PROVIDED DATA:

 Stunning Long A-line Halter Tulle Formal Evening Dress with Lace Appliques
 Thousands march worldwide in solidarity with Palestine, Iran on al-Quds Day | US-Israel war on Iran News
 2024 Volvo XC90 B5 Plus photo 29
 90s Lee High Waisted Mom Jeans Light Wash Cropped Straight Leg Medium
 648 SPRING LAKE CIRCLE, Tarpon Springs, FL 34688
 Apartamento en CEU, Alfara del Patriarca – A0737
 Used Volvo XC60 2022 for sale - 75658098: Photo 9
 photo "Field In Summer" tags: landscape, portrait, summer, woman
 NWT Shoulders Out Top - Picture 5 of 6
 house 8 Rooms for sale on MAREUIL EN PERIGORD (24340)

WHAT NEEDS TO BE DONE: Count the lines in the records above that contain the word "sale", and reply with only that number.

RESPONSE TO THE TASK: 2